• The task:
Your copy should hold only the lines from the one with "Makam Bupati Srengat R. T. Mertodiningrat II" to the one with "Covid, i contagi", both included, each exactly as it stands below, with no pictures.

• Exercise inputs:
■ ■ ■ ■

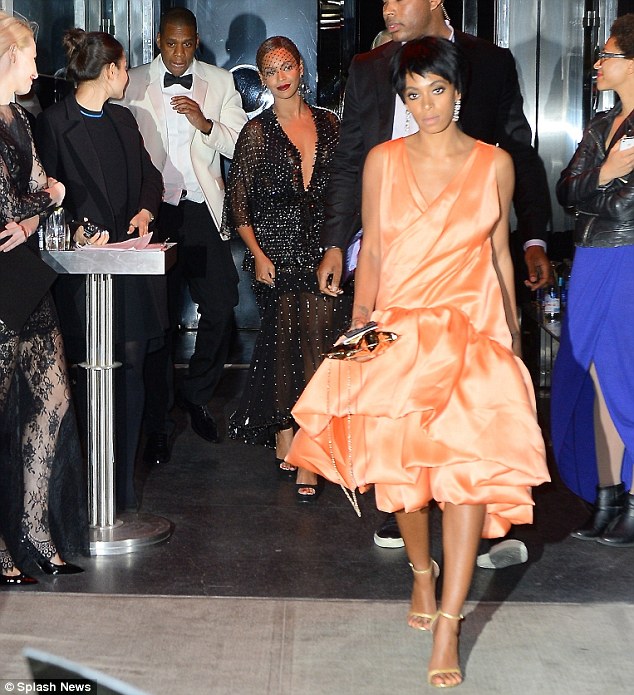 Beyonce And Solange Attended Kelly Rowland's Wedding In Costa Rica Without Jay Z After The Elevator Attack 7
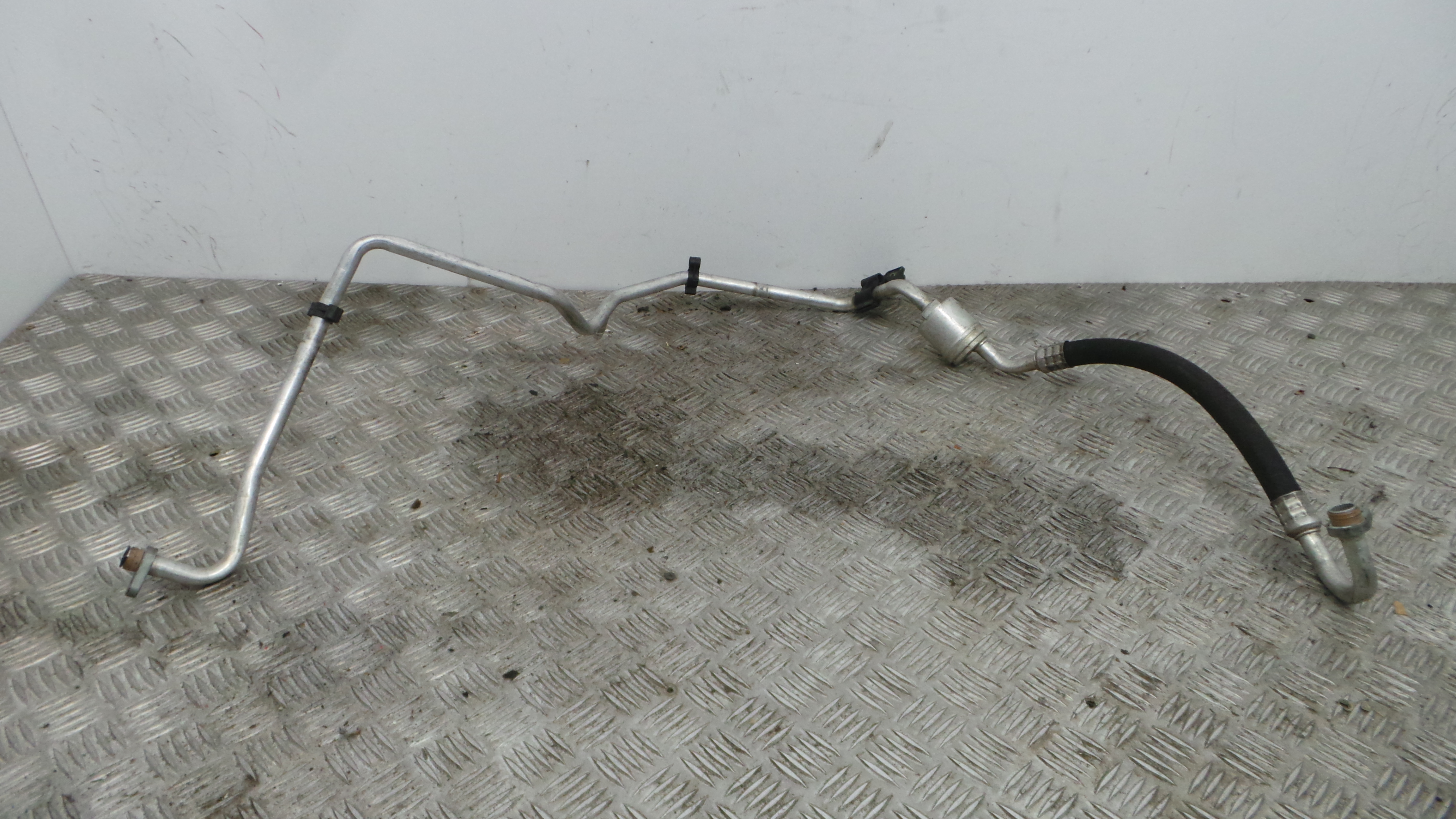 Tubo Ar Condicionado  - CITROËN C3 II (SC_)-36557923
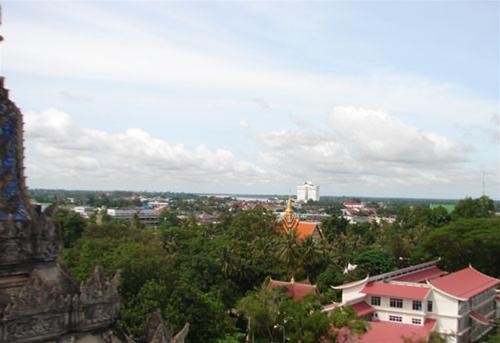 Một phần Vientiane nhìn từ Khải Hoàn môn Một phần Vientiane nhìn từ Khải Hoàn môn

■ ■ ■ ■

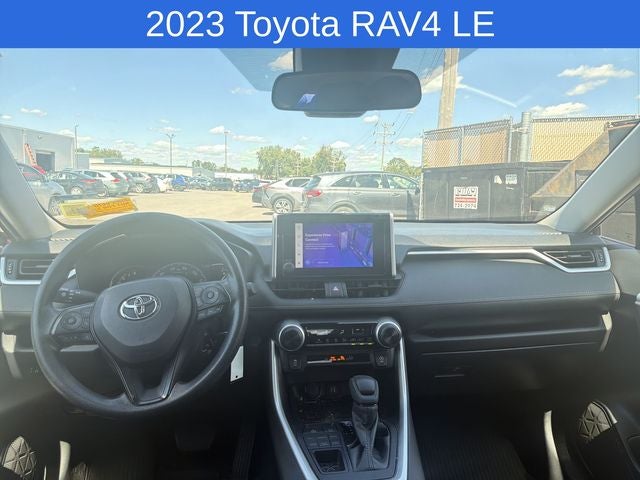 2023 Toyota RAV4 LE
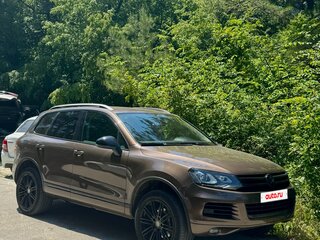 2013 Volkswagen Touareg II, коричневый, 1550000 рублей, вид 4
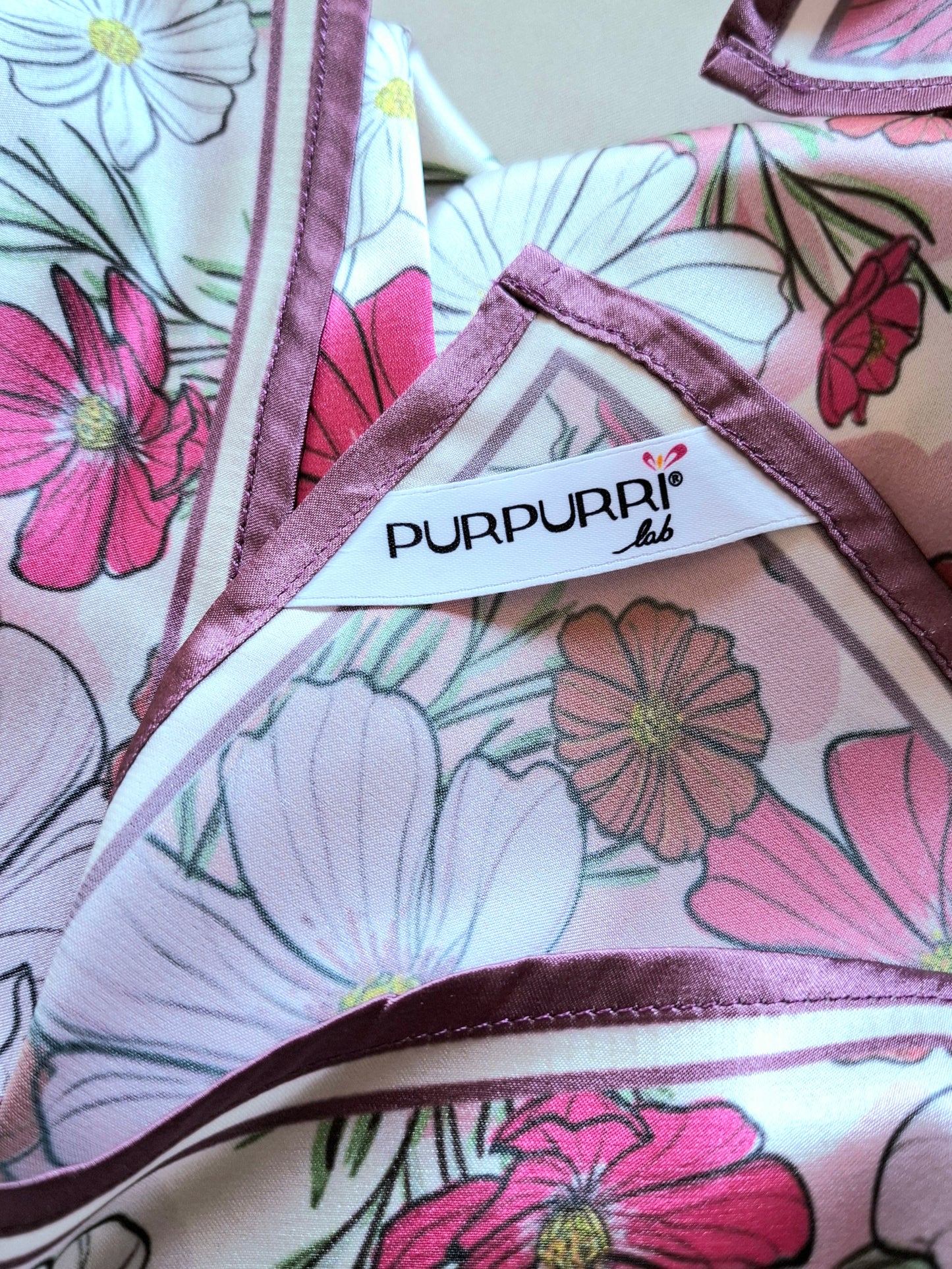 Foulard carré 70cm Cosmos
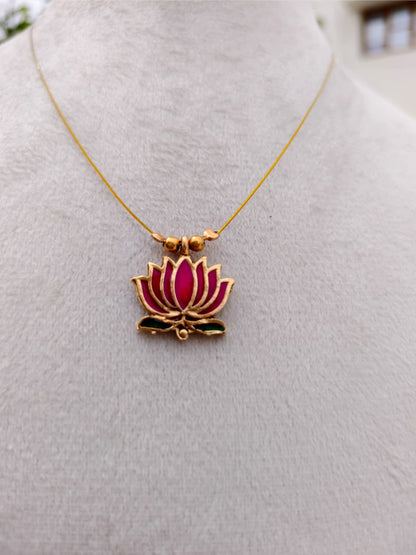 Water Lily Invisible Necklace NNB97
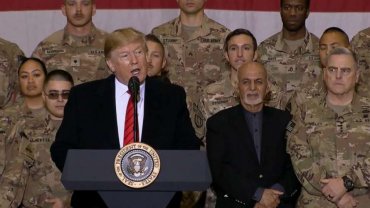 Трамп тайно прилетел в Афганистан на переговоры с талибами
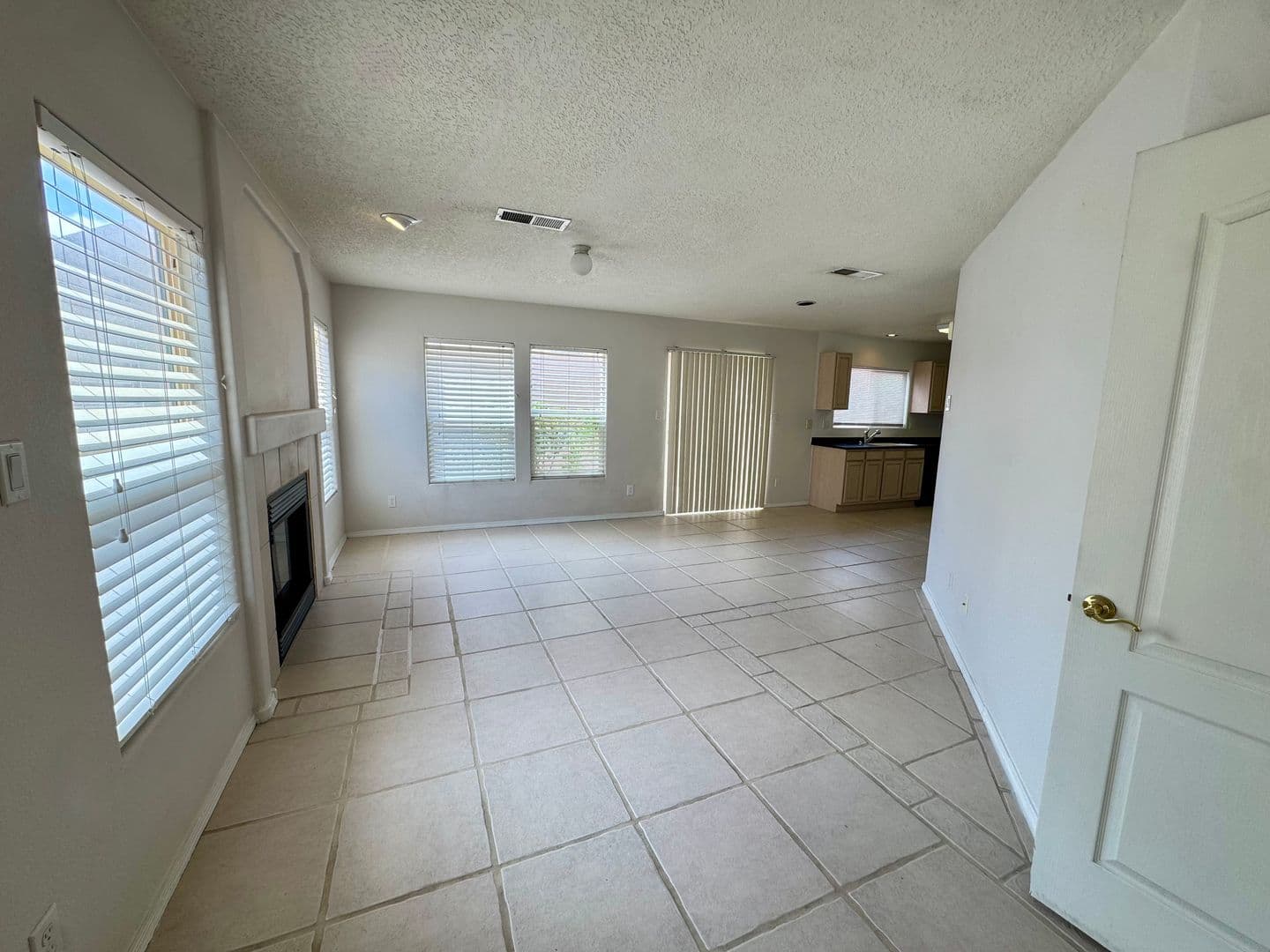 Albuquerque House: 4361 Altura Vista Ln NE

■ ■ ■ ■

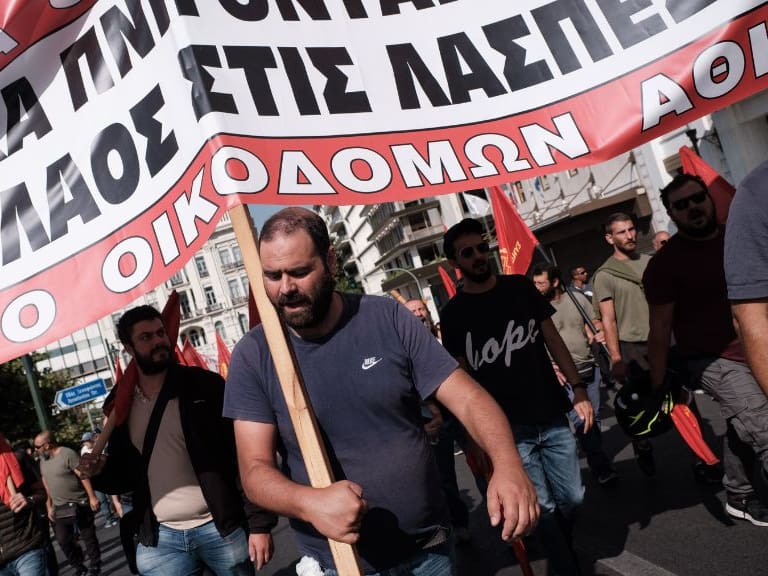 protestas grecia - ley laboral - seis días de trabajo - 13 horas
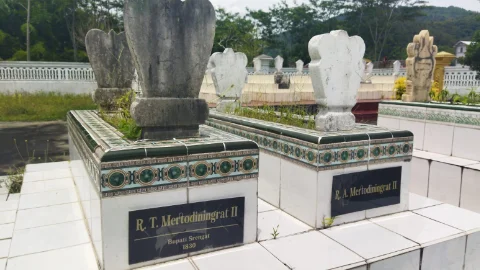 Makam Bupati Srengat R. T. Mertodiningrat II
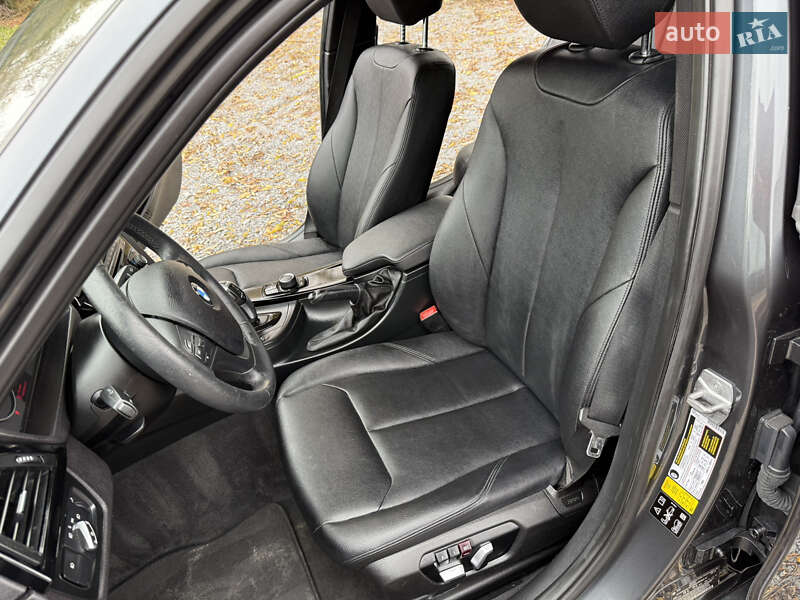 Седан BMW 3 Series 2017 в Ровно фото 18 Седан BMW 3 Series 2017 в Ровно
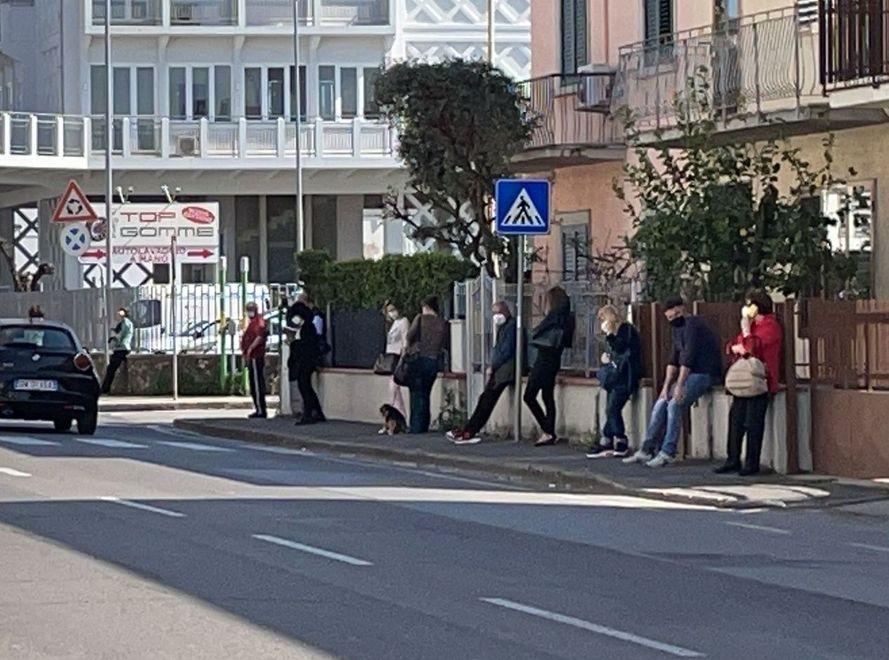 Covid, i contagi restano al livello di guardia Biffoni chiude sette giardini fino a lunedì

■ ■ ■ ■

• Exercise answer:
 Makam Bupati Srengat R. T. Mertodiningrat II
 Седан BMW 3 Series 2017 в Ровно фото 18 Седан BMW 3 Series 2017 в Ровно
 Covid, i contagi restano al livello di guardia Biffoni chiude sette giardini fino a lunedì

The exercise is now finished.